Interestingly, quantum beats appear at both the exciton (X) and biexciton (XX) resonances, and at the above bandgap photoinduced absorption (PIA) peak as seen from the Sz temporal profiles at two distinct beating times (Fig. 2h). We note that the phonon coherence cannot explain the π-phase shift between the two probes because the lattice vibration should not be sensitive to the light helicity in halide perovskites. From the beating map, an oscillation period of ~2.5 ps, corresponding to an energy of ~1.7 meV, can be estimated, which is ascribed to the energy difference between two linearly polarized eigenstates. Such an energy splitting is comparable to the reported values in the order of meV for CsPbBr3 NCs25,26 and CdSe QDs41, while being larger than that for CsPbI3 NCs (hundreds of μeV)24,27,28 and arsenide-based QDs (tens of μeV)7,42 measured by single-particle PL. In addition, the energy gap dependence of the splitting energy is also consistent with the literature reports27,43, where enhanced splitting appears in the smaller NCs as shown by shorter oscillation periods in Fig. 2j.
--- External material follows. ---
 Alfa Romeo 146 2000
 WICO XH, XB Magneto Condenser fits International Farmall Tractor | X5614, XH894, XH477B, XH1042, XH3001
We note that our measurement provides the average splitting energy between any two linearly polarized eigenstates because of the random orientations (in such case the dipole orientation is immaterial in the substrate plane). Surprisingly, quantum beating can also be observed in NC ensemble by the linearly polarized pump-probe measurements where the subtracted signal exhibits a weaker oscillation with the same frequency to that from the circularly polarized measurements (Supplementary Fig. 12). Particularly, the linearly polarized measurement shows a longer decay due to the long-lived exciton population without the longitudinal spin relaxation process. Again, our horizontal pump interacts with both the Πx and Πy dipoles because of the random NC orientations. Hence the beating between the two coupled levels can be resolved. A single-particle level experiment may clarify the dipole alignments, which would allow the enhancing and erasing of the quantum beating according to the polarization distribution. Moreover, the independence of oscillating frequency on the excitation density (Fig. 2i) indicates a robust coherence against many-body interactions.

Exciton spin relaxation

The optical orientation of excitons allows the study of the spin lifetime τs, i.e., the envelope of the oscillatory dynamics. To understand the exciton spin relaxation process, we examine the temperature dependences of Sz in these CsPbBr3 NCs. Figure 3a compares the spin-relaxation dynamics in an NC ensemble with an average particle size of (6.3 ± 1.3) nm (NC6) at different temperatures, where increasing temperature seems to prolong the spin-relaxation time up to RT and cancel out the beating signature. By fitting the net spin polarization dynamics with either a single-exponential (above 120 K) or a damped oscillation model (below 150 K), the exciton spin-relaxation time τs can be obtained, as summarized in Fig. 3b. For comparison, two other sizes (8.3 ± 1.4) nm (NC8), (12.0 ± 1.7) nm (NC12), and CsPbBr3 polycrystalline thin film (PTF) samples are also inspected (see Supplementary Fig. 47 for sample characterizations). For the PTF sample, the spin dynamics versus temperature is interpreted in the context of the EY mechanism (Supplementary Note 3), where the increasing longitudinal optical (LO) phonon population with temperature leads to an acceleration of the spin relaxation. In contrast, the NC counterparts exhibit anomalous dependences below certain temperatures despite the shortened spin-relaxation times. As the temperature decreases from 340 K, the initial increase of τs can be attributed to the EY process. Although the EY lifetimes in NCs are shorter than in PTF, they display the same power-law fitting exponent of −1.3 with temperature. In this regime, decreasing NC size promotes faster spin relaxation, which is consistent with the literature44. All three NC ensembles show a τs maxima at around 200 K, 260 K, and 320 K for NC12, NC8, and NC6, respectively. The maxima indicate that an additional spin-relaxation channel is present in these NCs and manifests mainly at low temperatures, where it overtakes EY as the most efficient spin-relaxation mechanism.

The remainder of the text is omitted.